Die Rote Flora und damit auch der Umbau sind Teil und Ausdruck unserer Bewegung. Nun steht nach dem Umbau eine weitere Tür offen für solidarische Mitstreiter*innen, jedoch sind wir nicht durchlässig für Projekte die nicht unserem emanzipatorischen Gedanken entsprechen. Die Rote Flora ist und bleibt ein Schutzraum insbesondere für Menschen die in anderen gesellschaftlichen Räumen marginalisiert und diskriminiert werden.
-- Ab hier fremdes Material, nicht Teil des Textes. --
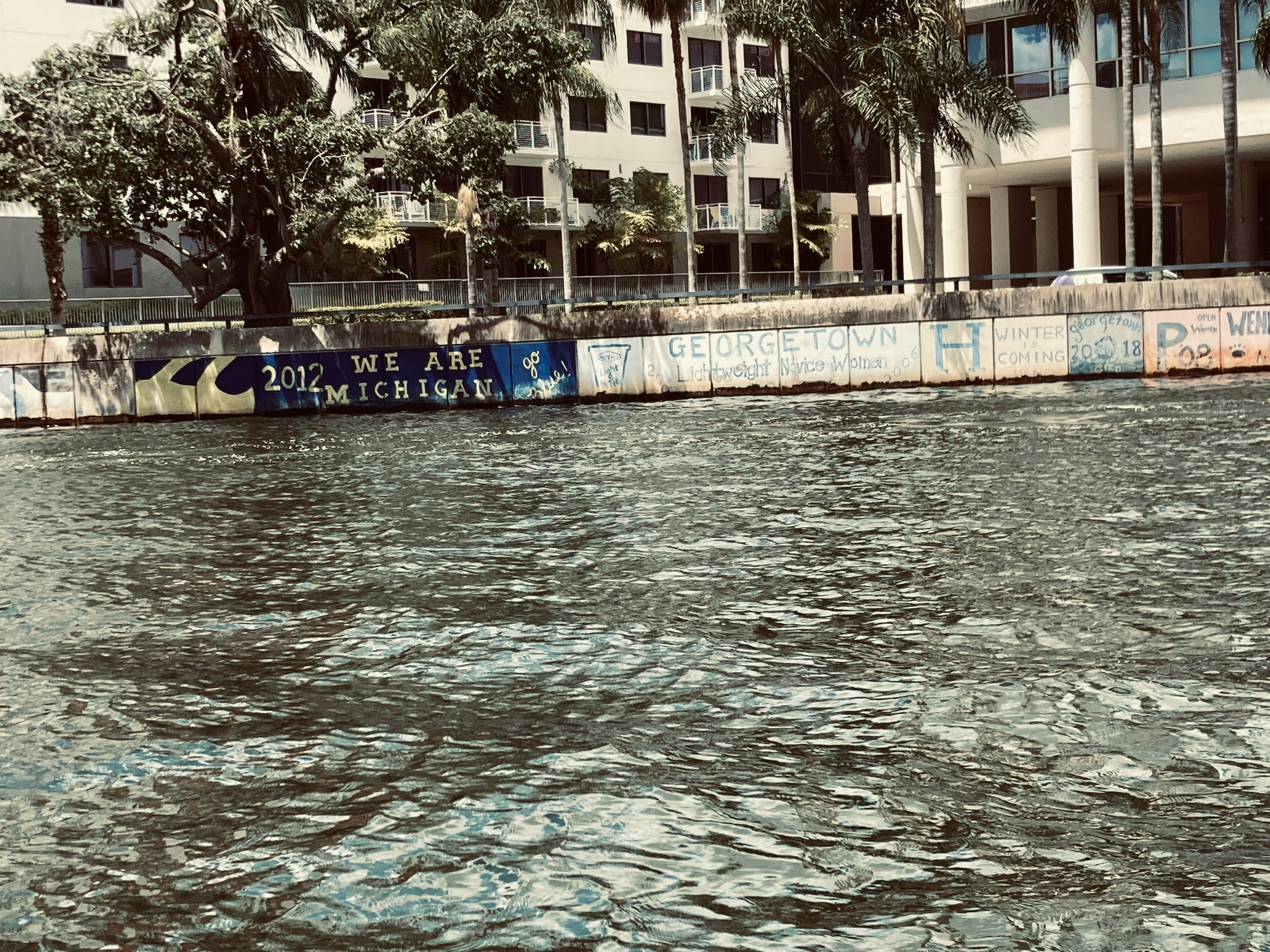 a body of water with a wall and buildings in the background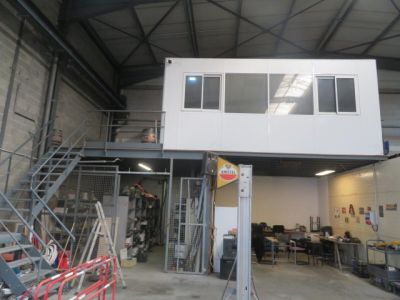 une photo d'un bâtiment avec un escalier et une mezzanine au-dessus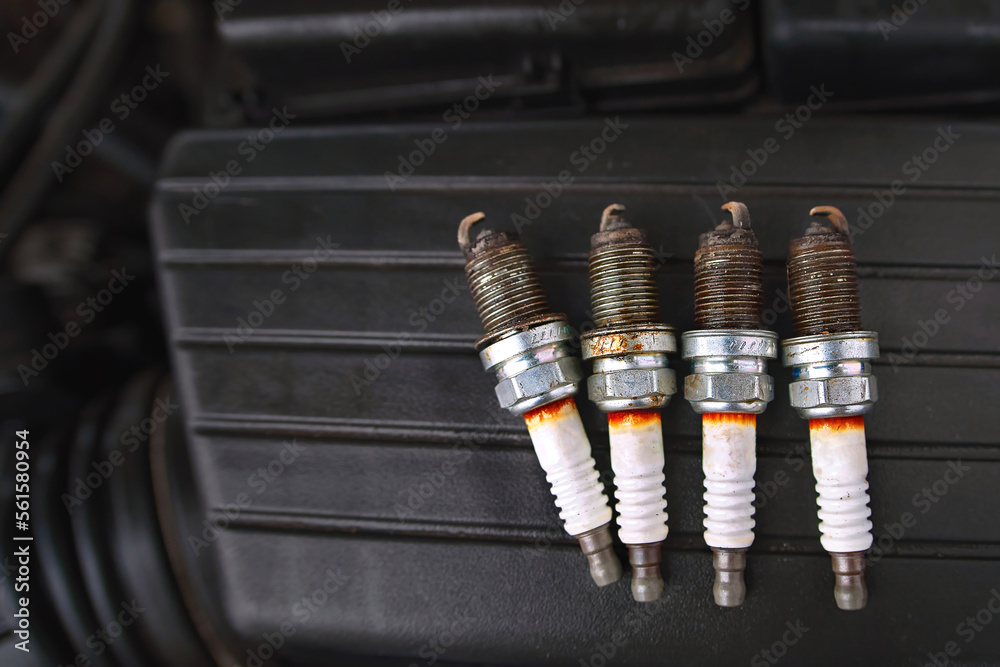 Spark plugs with worn electrodes. Used, burned four spark plugs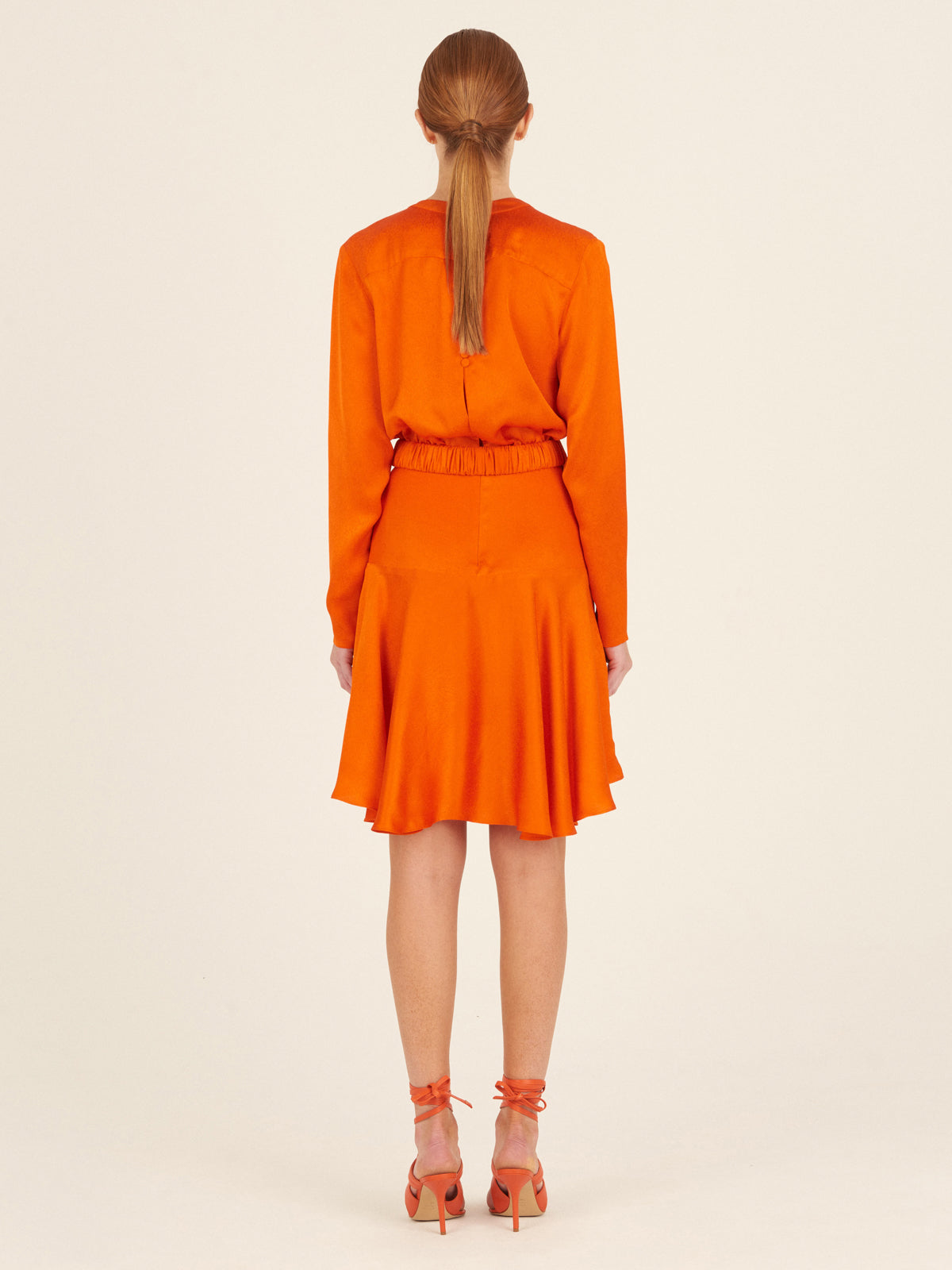 A Aglioni Dress Bright Orange mini-dress with a pink belt.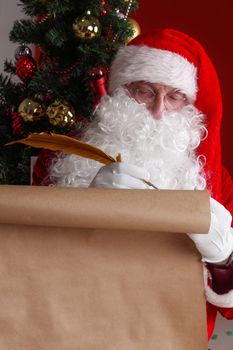 Santa Claus sitting at home and writing on old paper roll to do list with quill pen and ink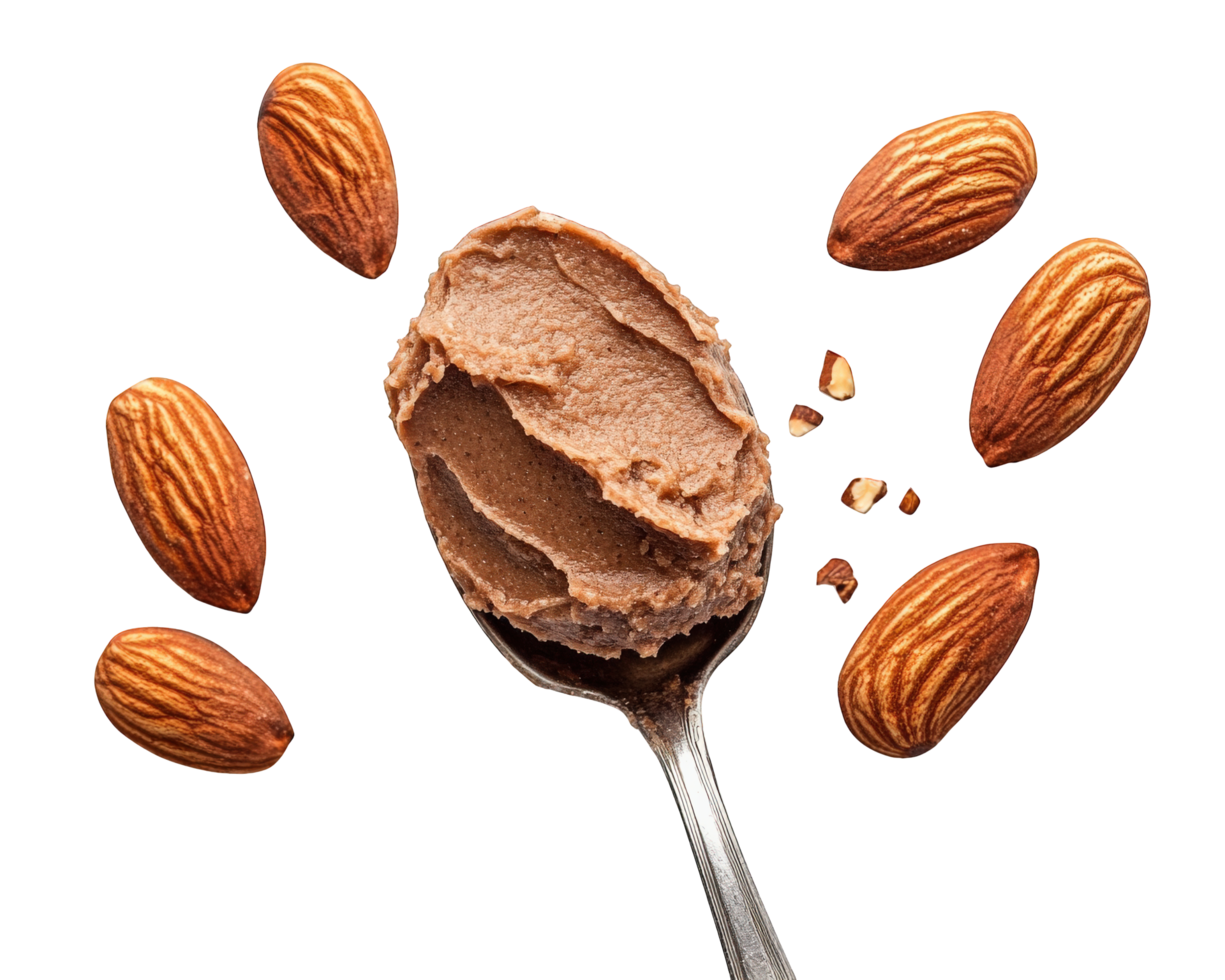 Almond butter spread on spoon with almonds on black background png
Wer dies nicht anerkennt, kann wie bisher durch die eine Tür und nun auch durch die Neue andere aufs Schulterblatt fliegen!
Das Umbauresultat spricht für sich selbst und ist für uns ein Zeichen dafür, dass wir als selbstorganisiertes Projekt aus Kämpfen stärker und keinesfalls befriedet herausgehen. Der Umbau wäre nicht möglich gewesen ohne die massive europaweite Unterstützung von solidarischen Projekten und Einzelpersonen – Geld, Material, Fachwissen und Hilfe floss von überall. Wir haben mit dem oft projizierten Bild besetzter Häuser bewusst gebrochen und das Gebäude nicht nur mit Müh und Not erhalten, sondern für unsere Zwecke als linksradikales politisches Zentrum umgestaltet. Auch was zuerst nicht realisierbar scheint, ist möglich und noch viel mehr.
Uns hat auch kein massives Aufkommen von verdeckten Ermittler*innen in unserer Szene aufhalten können. Diese sollten sich jedoch bewusst sein, dass wir uns genauso in ihr Privatleben hacken wie sie in unseres. Wenn wir sie gefunden haben können sie sich ihr Reihenhaus woanders bauen. Die Flora bleibt nicht nur, sondern wächst! Wir sind ein Projekt mit tiefen Wurzeln und weit verzweigten starken Ästen die nicht an den Mauern des Hauses enden.
Eine detaillierte Darstellung verschiedener Aspekte der Sommerbaustelle wird noch in den nächsten Wochen erscheinen.